• **Work order**
The material below includes pictures; leave them out and return only the lines between the line containing "2016 Hyundai Verna" and the line containing "Cuban singer Eliades", inclusive, word for word.
[Supplied data — start]
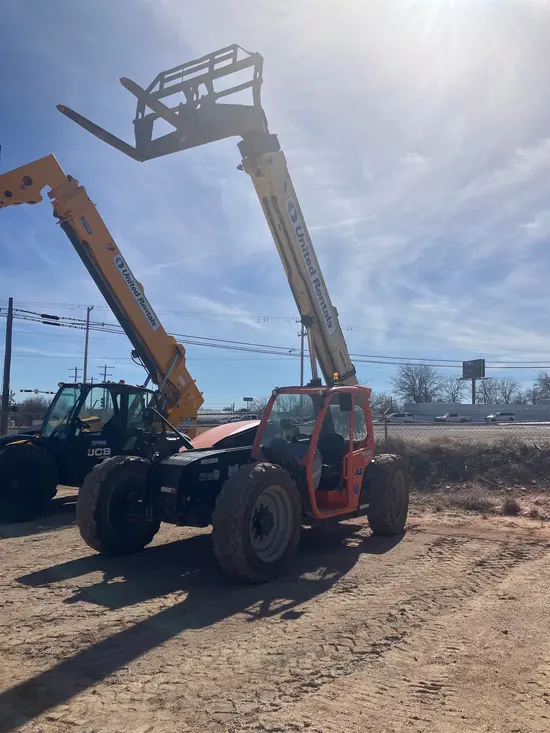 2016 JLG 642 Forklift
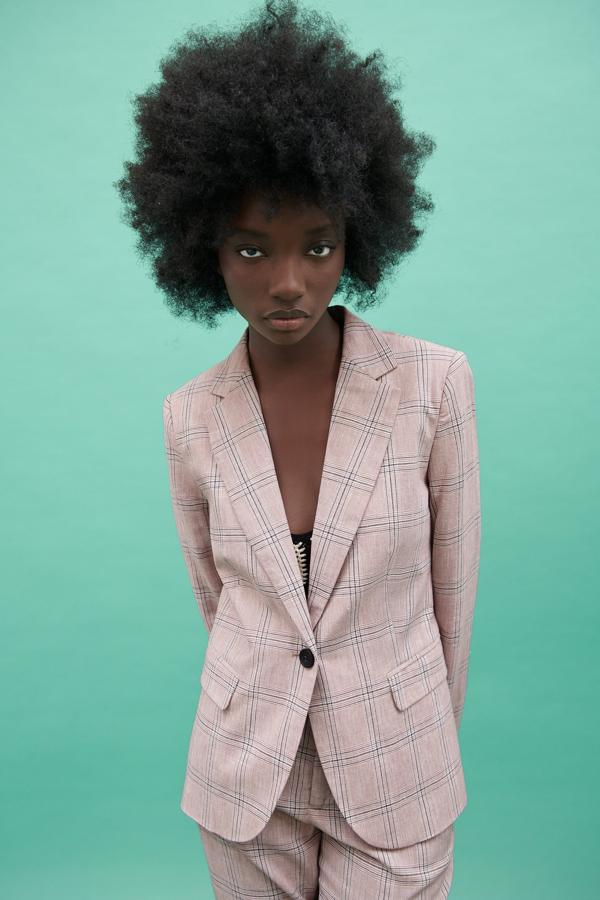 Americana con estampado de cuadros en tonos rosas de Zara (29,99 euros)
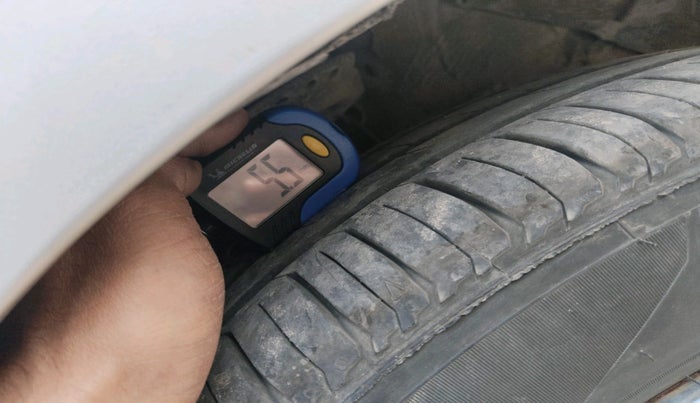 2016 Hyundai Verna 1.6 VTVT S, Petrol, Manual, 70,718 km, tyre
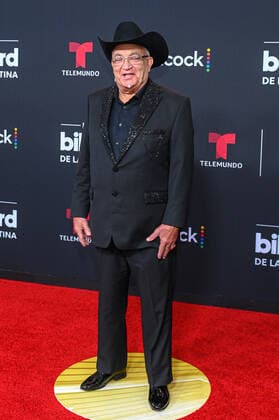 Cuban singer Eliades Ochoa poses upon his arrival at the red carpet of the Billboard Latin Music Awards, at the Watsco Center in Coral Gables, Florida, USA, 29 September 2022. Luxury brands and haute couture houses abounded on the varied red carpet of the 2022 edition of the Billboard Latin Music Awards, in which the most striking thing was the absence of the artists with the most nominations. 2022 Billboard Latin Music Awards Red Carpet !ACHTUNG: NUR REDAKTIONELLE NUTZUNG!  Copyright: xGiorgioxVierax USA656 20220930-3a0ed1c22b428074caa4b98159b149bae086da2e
[Supplied data — finish]
[Supplied data — start]
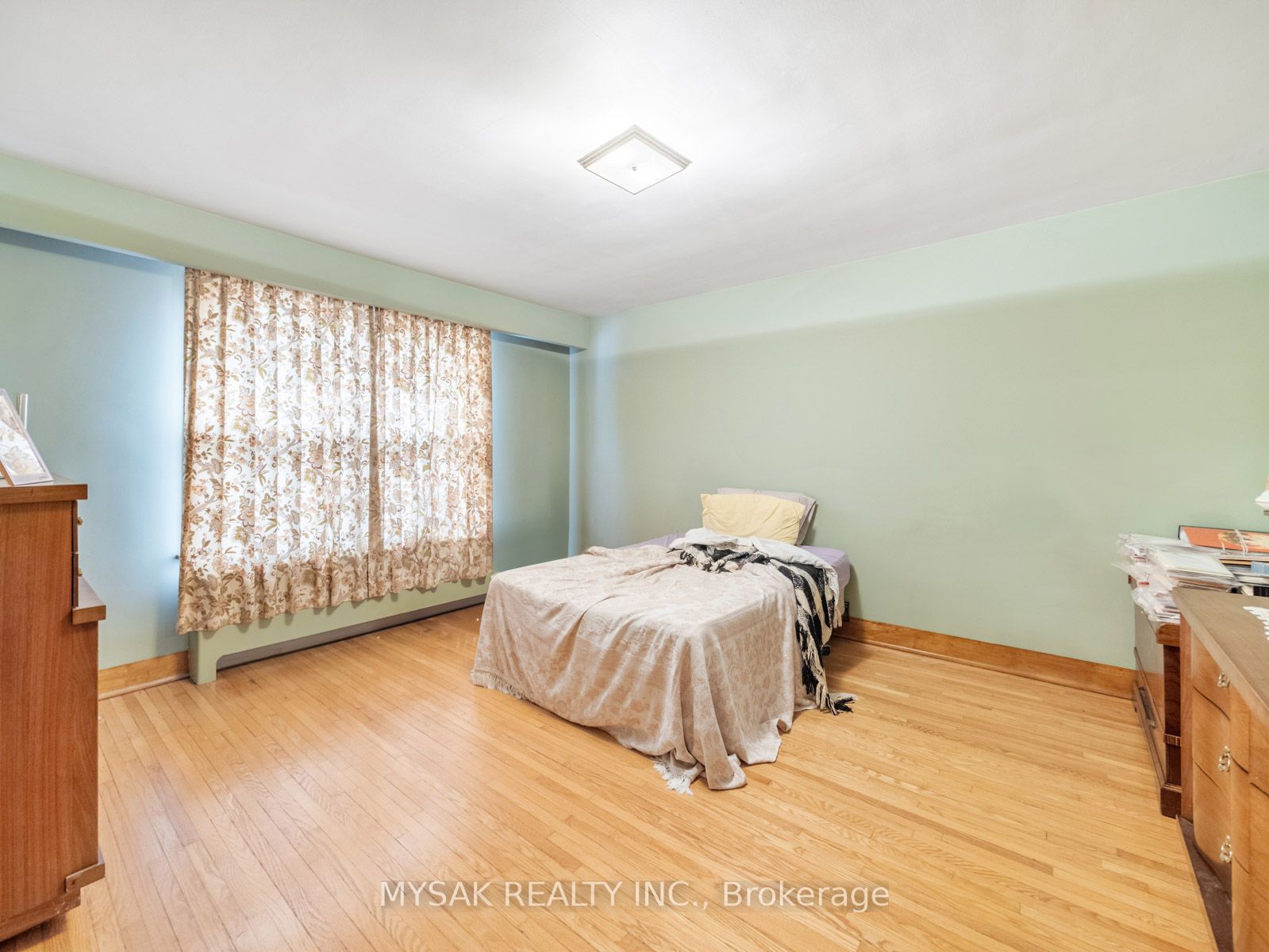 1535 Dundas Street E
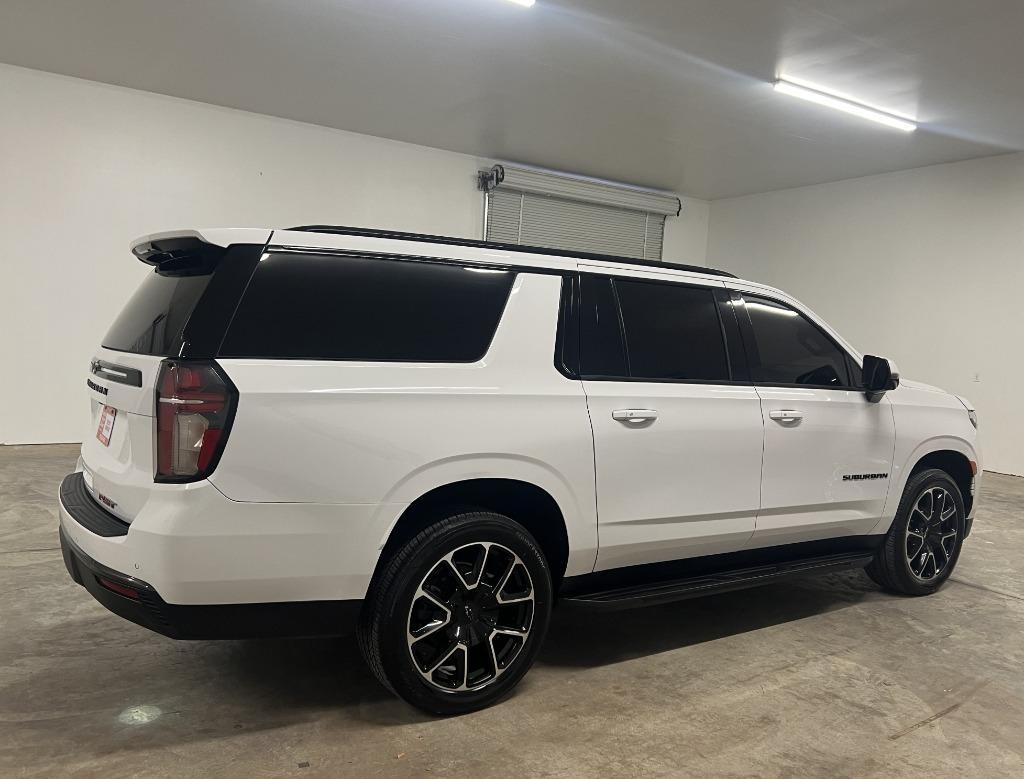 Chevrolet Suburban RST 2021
[Supplied data — finish]
• **Reply**
 2016 Hyundai Verna 1.6 VTVT S, Petrol, Manual, 70,718 km, tyre
 Cuban singer Eliades Ochoa poses upon his arrival at the red carpet of the Billboard Latin Music Awards, at the Watsco Center in Coral Gables, Florida, USA, 29 September 2022. Luxury brands and haute couture houses abounded on the varied red carpet of the 2022 edition of the Billboard Latin Music Awards, in which the most striking thing was the absence of the artists with the most nominations. 2022 Billboard Latin Music Awards Red Carpet !ACHTUNG: NUR REDAKTIONELLE NUTZUNG!  Copyright: xGiorgioxVierax USA656 20220930-3a0ed1c22b428074caa4b98159b149bae086da2e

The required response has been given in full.